Campbell's solution.  Let the eight participants be D(1) through D(7), and Snow White D(8).  With the traditional gift exchange, each participant draws the name of a person to buy a gift for; in our version, participants will each select a number representing a participant unknown to them who will buy their gift.

Stage one.  They first create a column of random numbers.  D(1) starts the column by sending a random number in an email to D(2).  In turn, each participant D(i), i = 2, ..., 7, will reshuffle the column of random numbers received from D(i – 1), insert his own (new) random number on a new line somewhere in the column, and send the resulting column to D(i + 1).  Finally, Snow White (D(8)) reshuffles the column received from D(7), adds her own random number on a new line somewhere in the column, and returns the list to D(1).
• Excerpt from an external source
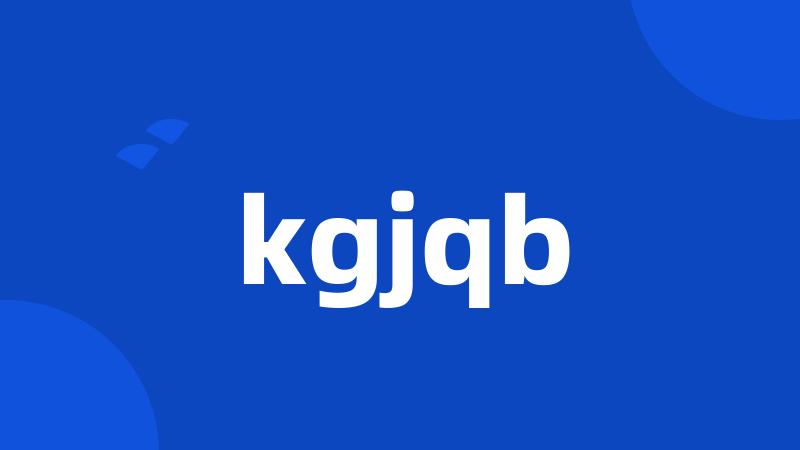 kgjqb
Stage two.  A list of gift givers is created.  D(1) places his name next to one of the random numbers other than his own, changes his own random number, reshuffles the column and sends it to D(2).  In turn, each participant D(i), i = 2, ..., 7, will add his name next to one of the random numbers other than his own, change his own random number, reshuffle the column of random numbers received from D(i – 1), and send the result to D(i + 1).  When Snow White receives the list, she will add her name next to the last random number if it is not her own, change her own random number, and send the list back to D(1).  If the last random number is her own, she will inform everybody by email that the process has failed, and they must start over again at Stage one.

Stage three. The list is circulated.  After Stage two has succeeded, some participants will already know the recipient of their gift, but the list must be circulated again to make sure everybody knows.  In turn, each participant D(i), i = 1, ..., 7 will note the name next to his random number; this is the person he gives a gift to.  He then changes his random number and sends the list to D(i + 1).  When Snow White receives the list, everybody knows for whom to get a gift.  However, since everybody sees an entirely new list of random numbers each time it passes by, nobody can deduce any of the other pairings.
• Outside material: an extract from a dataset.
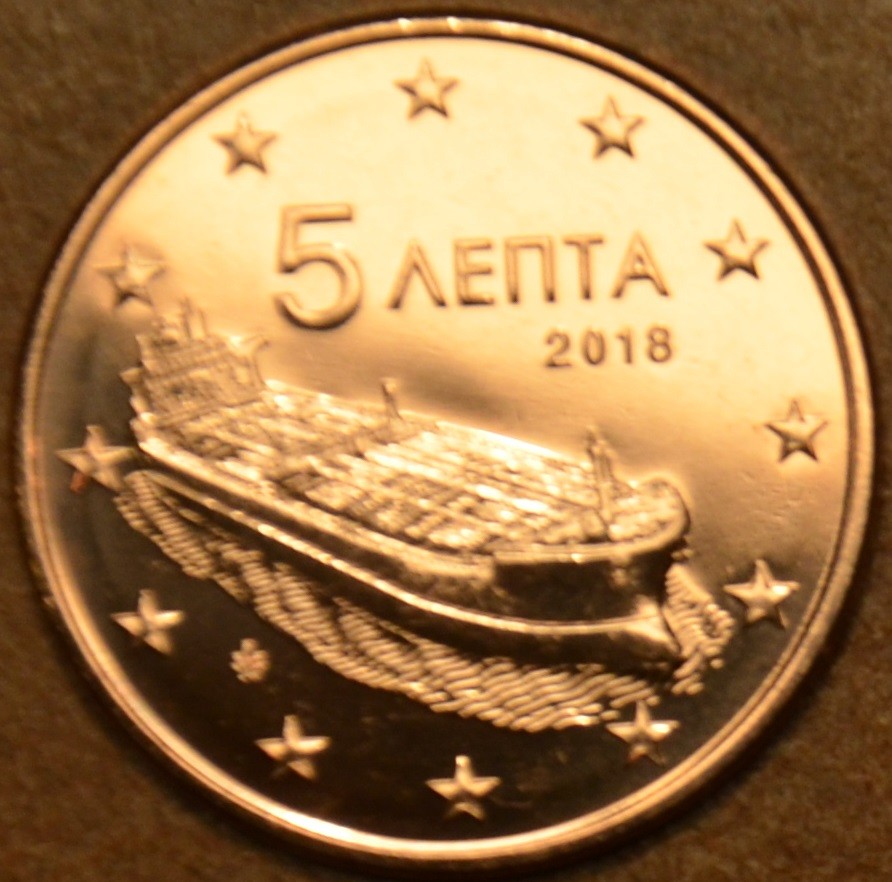 5 cent Grécko 2018 (UNC)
There is a one in eight chance that in Stage two Snow White ends up with her own random number, which necessitates restarting the whole process.  To avoid this hassle, Basic and, independently, the Archbishop MacDonald High School students used the fact that 8 is even: at the end of Stage one, before returning the list to D(1), Snow White writes down "group A'' next to four of the random numbers, and ''group B'' next to the remaining four numbers.  In Stage two, the participants in Group A will write their name next to a Group B number, and vice versa.

Jakobsson's solution.
Stage one.  A list of secret givers is created. Snow White starts the list by writing to a random dwarf, "Do you want to be giver number 1?''  Next, for i = 1, ..., 7, when a dwarf or Snow White receives the message, ''Do you want to be giver number i?'', that person either can reject it — perhaps at an early point in the process by flipping a coin, or later on, by reason of having already accepted a number — and forward it to another random participant; or he can accept it and send the message "Do you want to be giver number i + 1?'' to another random participant.  Each participant accepts being a giver only once. Stage one ends when someone agrees to be giver number 8.